McKinley Stauffer is a junior at DHS, and when she first got involved with the school newspaper, she thought she would be doing more editorial writing.

"I've always loved to write and I was involved with a newspaper in middle school," Stauffer said. "Investigative journalism is my favorite but I thought I would do more editorials until I got pushed toward investigative reporting."

Stauffer was recently named the 2011 Connecticut Journalist of the Year by the Journalism Education Association. She was also nominated for an award for a story she did on spice -- a synthetic marijuana compound that was legal in the state until December.

Although Stauffer said it's an honor to win the awards, she doesn't write stories with the intent of winning anything.

"It's more important to have other people in town know what's going on and to draw attention to things in town," Stauffer said. "I also like the recognition my peers get for the work we do on the paper."

This year marks Stauffer's second year with the paper and she said she is currently being groomed to take over as an editor for her senior year. However, beyond high school, Stauffer isn't sure if she'll continue to pursue a journalism career.

"I don't know for sure what I want to do," Stauffer said. "Journalism is definitely high on the list but regardless, I'll probably be doing something in the English [field]."

Besides the investigative piece on the synthetic marijuana compound, Stauffer also published a story about the police tip line that was being used to target junior and senior girls.

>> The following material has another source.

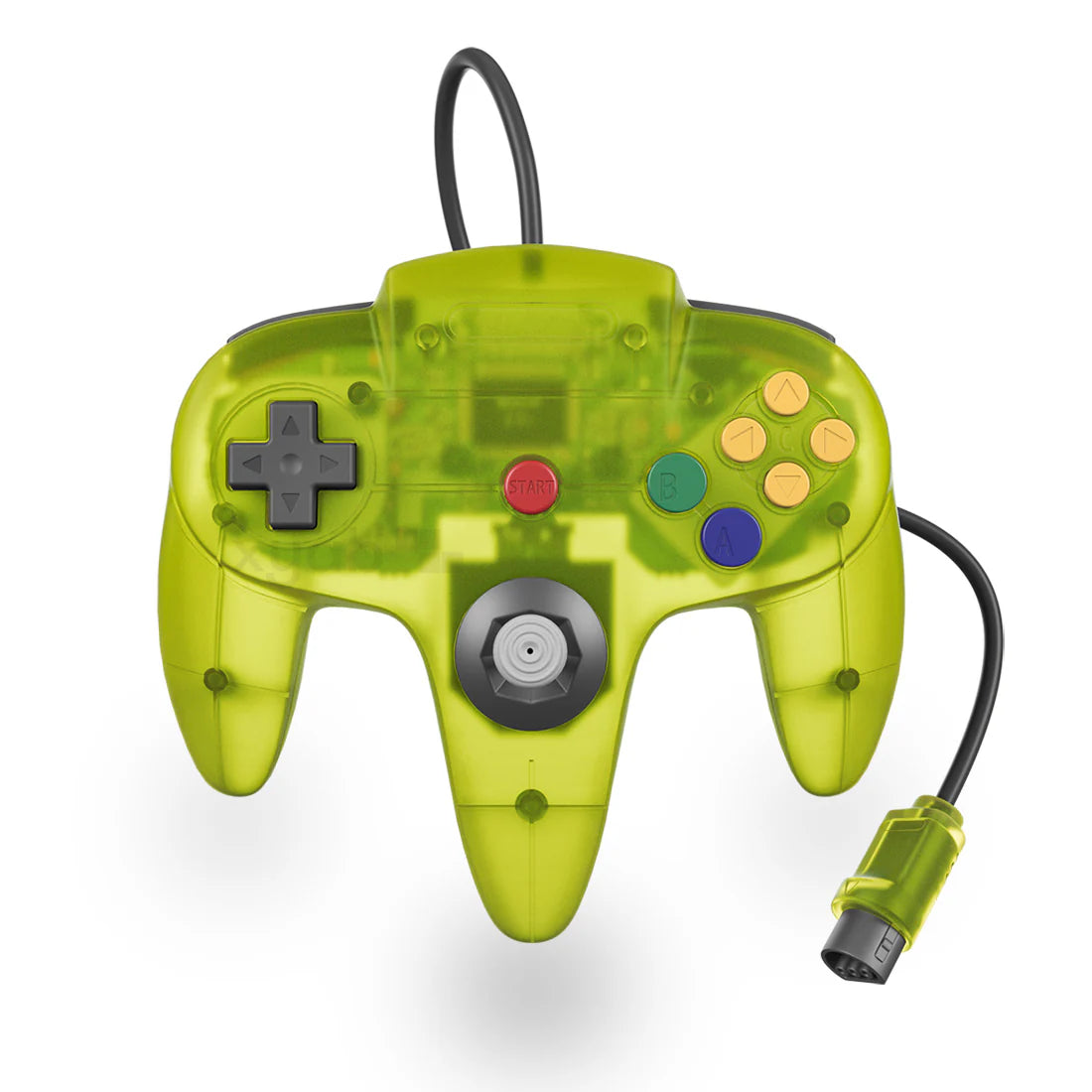 XYAB brand Electric Green Nintendo 64 controller wired gaming accessory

After the idea for the story was brought to her teacher, Stauffer began looking for sources when she found out about a girl who had been targeted as a result of the tip line.

"I interviewed the girl and found out that people were treating the tip line like a joke and using it to play pranks," Stauffer said.

From there, Stauffer approached the police who told her students and officers would meet to discuss any problems kids were having in town and to form a more positive relationship between the police and youths. Stauffer said she found out the police weren't taking the tip line as seriously because of all the fake tips they were receiving.

"I wondered why people were using the tip line as a prank," Stauffer said.

The story took Stauffer a month to finish by the time she had conducted all of her interviews and did further research on the topic.

"Most of my stories take a month to do because of the research," Stauffer said. "I don't have as strict deadlines with my stories because I have to take more time to make sure everything is accurate."

Even though she is an award-winning student journalist, Stauffer acknowledged a portion of her success is due to DHS Principal Dan Haron's willingness to allow the newspaper to publish controversial pieces.

"It's really nice because Mr. Haron is really lenient about what we publish as long as the stories aren't hurting anyone," Stauffer said.

High school newspapers usually do not enjoy the same freedom of the press rights as public colleges and professional media outlets.

After Stauffer's story about spice was published she said the school was contacted by poison control because they didn't have any information on the compound and wanted to post the article on their website.

Stauffer said she will continue to pursue investigative pieces and attributed her passion and success as a reporter to her former journalism teacher, Stacey Wilkins.

"She has been my mentor and she is the reason why I have gone as far as I have because she helped me all along the way," Stauffer said.